Despite this I've put the book down feeling pleased and perhaps a little surprised that the only real modification I'll need to make to our piece is an acknowledgement that Angus was actually born near Glasgow, rather than in South Uist as I had assumed. What is more, in The Silent Weaver, Roger Hutchinson continually places Angus's work in the context of Celtic art and traditions, which is something I decided to make a part of our own 'Angus' from its inception.
Within a few yards of where I'm staying there are two rocks on the shore with mysterious cup marks (above); slightly higher up the hill is Cladh Maolruibhe, an ancient burial ground and later a 6th century chapel; within a 100m is A'Clach Mor, a standing Stone and from there walking back to the house is Leac an Righ (The Flat Stone of the King), believed to be the inauguration stone of the Lord of the Isles. None of this is signposted or marked in any way; they just exist in the landscape, just as they always have.
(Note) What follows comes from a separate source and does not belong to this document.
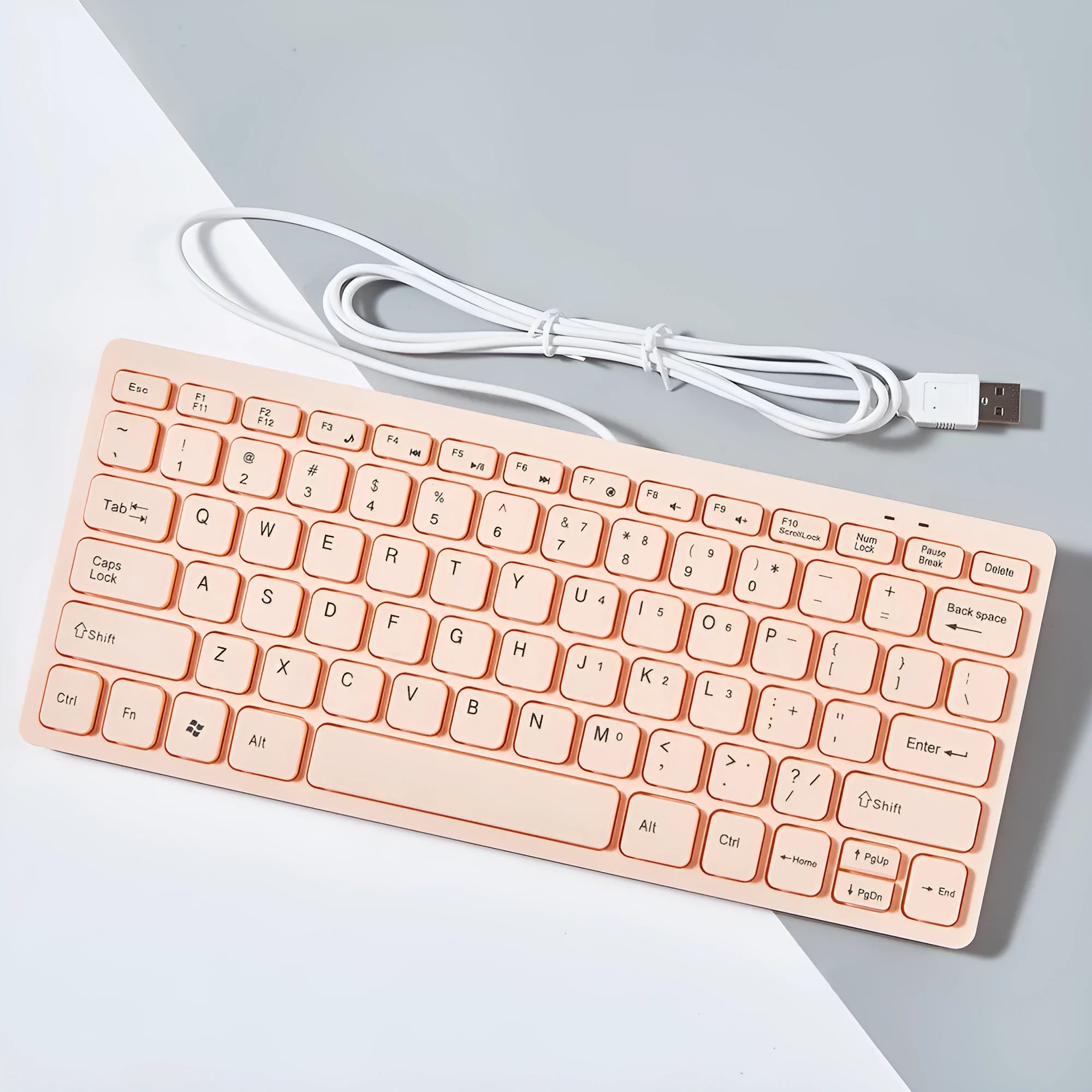 USB wired mini keyboard in black with compact 280mm width and noiseless keys for laptop use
Angus's weavings, it has been noted, have an ancient, archaeological, look - a feeling that they could have been made at any time during the period that human beings have lived on the earth. The Silent Weaver notes this too, and celebrates the fact that Angus McPhee, trapped in the institution of Craig Dunain, was able to reach deep down into the ancient well of his culture and somehow manage to twist the strands together in a way that protected his individuality with work of great inventiveness, distinction and even wit.